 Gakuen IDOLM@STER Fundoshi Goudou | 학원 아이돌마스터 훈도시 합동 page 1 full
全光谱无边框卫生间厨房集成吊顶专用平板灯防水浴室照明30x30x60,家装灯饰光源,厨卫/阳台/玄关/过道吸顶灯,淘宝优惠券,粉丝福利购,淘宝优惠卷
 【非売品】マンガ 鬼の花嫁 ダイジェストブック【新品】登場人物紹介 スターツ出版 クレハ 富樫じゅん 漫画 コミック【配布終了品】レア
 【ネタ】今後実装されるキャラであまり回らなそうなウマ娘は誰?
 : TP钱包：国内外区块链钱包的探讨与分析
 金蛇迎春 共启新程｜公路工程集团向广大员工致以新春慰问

· · · · · · ·

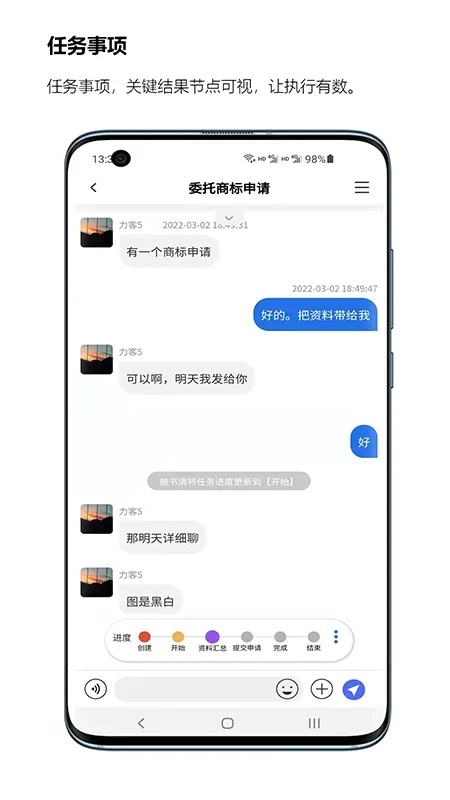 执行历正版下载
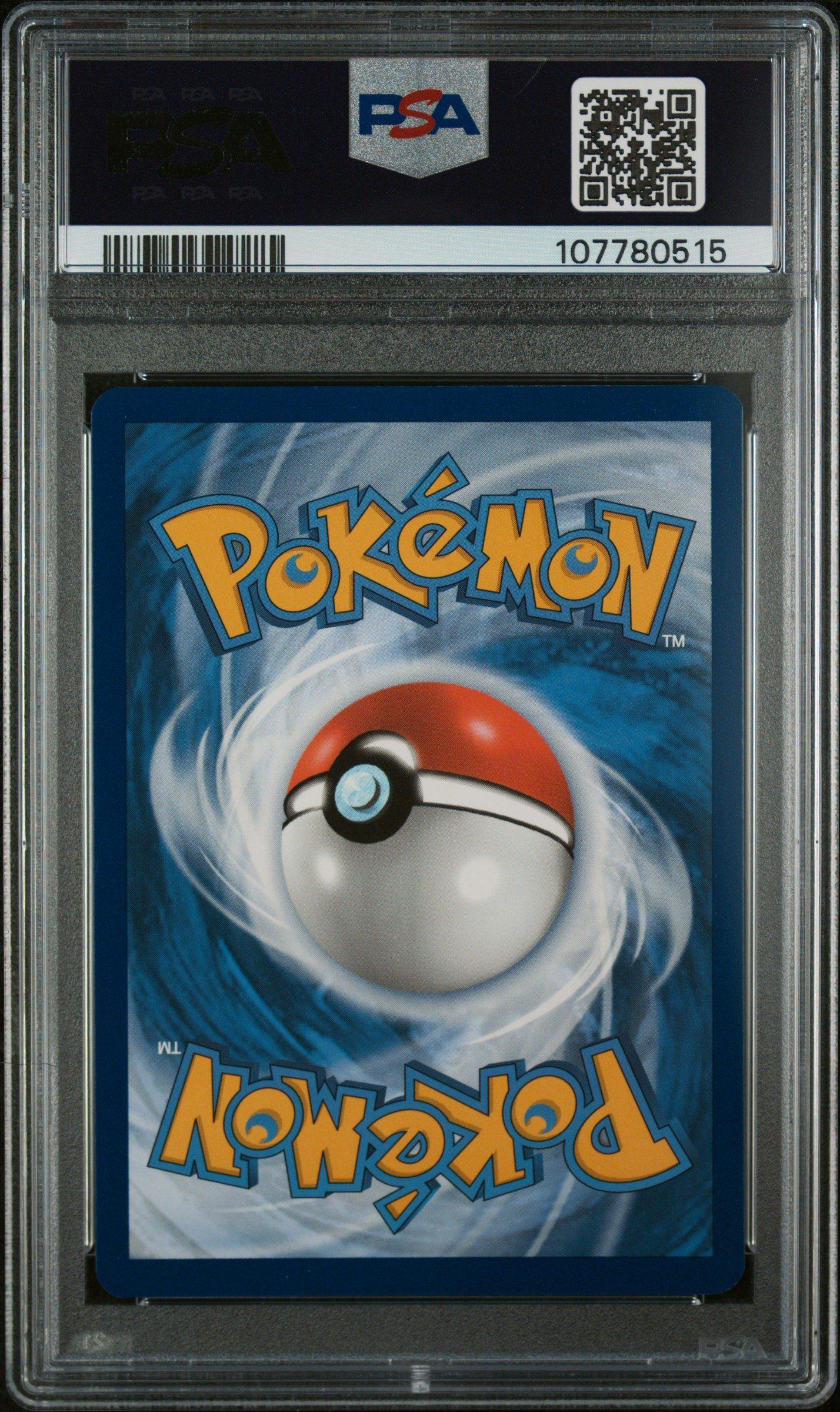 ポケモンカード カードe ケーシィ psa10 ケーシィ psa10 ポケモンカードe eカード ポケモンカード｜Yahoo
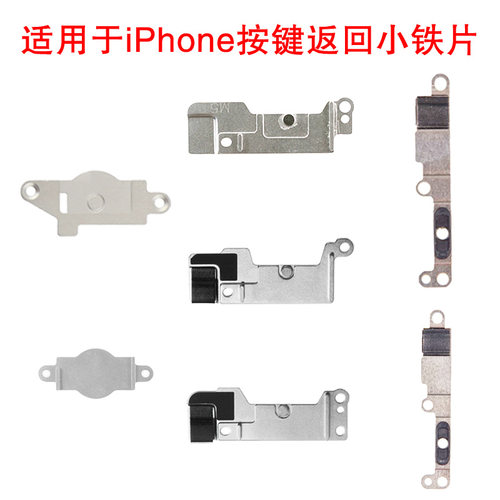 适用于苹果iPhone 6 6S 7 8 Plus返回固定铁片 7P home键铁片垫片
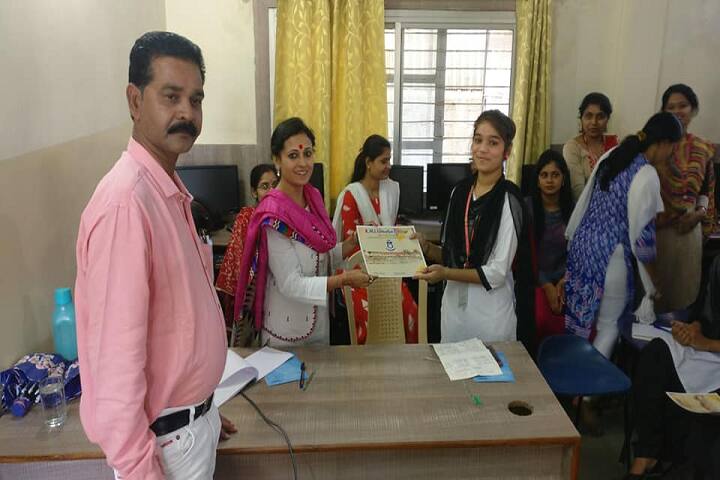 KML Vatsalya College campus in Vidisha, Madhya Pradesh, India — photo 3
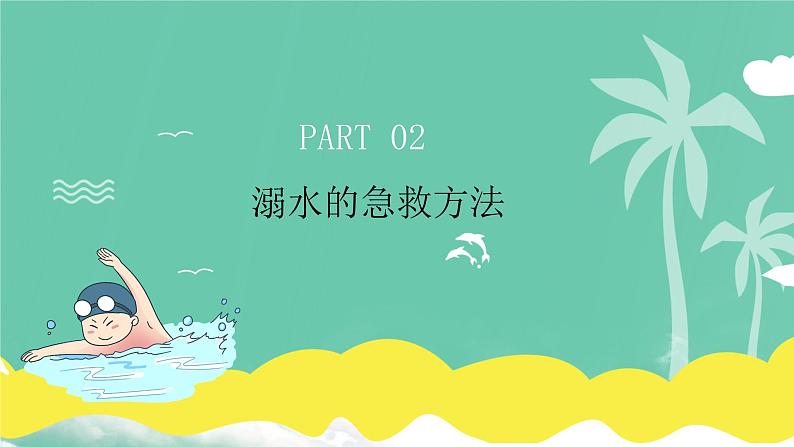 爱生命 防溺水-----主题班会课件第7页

· · · · · · ·

_WHAT YOU WILL DO_
Could you restate word for word the lines above, from the one that contains "富樫じゅん 漫画 コミック【配布終了品】レア" through the one that contains "金蛇迎春 共启新程｜公路工程集团向广大员工致以新春慰问", and no others?

_OUTPUT BELOW_
 【非売品】マンガ 鬼の花嫁 ダイジェストブック【新品】登場人物紹介 スターツ出版 クレハ 富樫じゅん 漫画 コミック【配布終了品】レア
 【ネタ】今後実装されるキャラであまり回らなそうなウマ娘は誰?
 : TP钱包：国内外区块链钱包的探讨与分析
 金蛇迎春 共启新程｜公路工程集团向广大员工致以新春慰问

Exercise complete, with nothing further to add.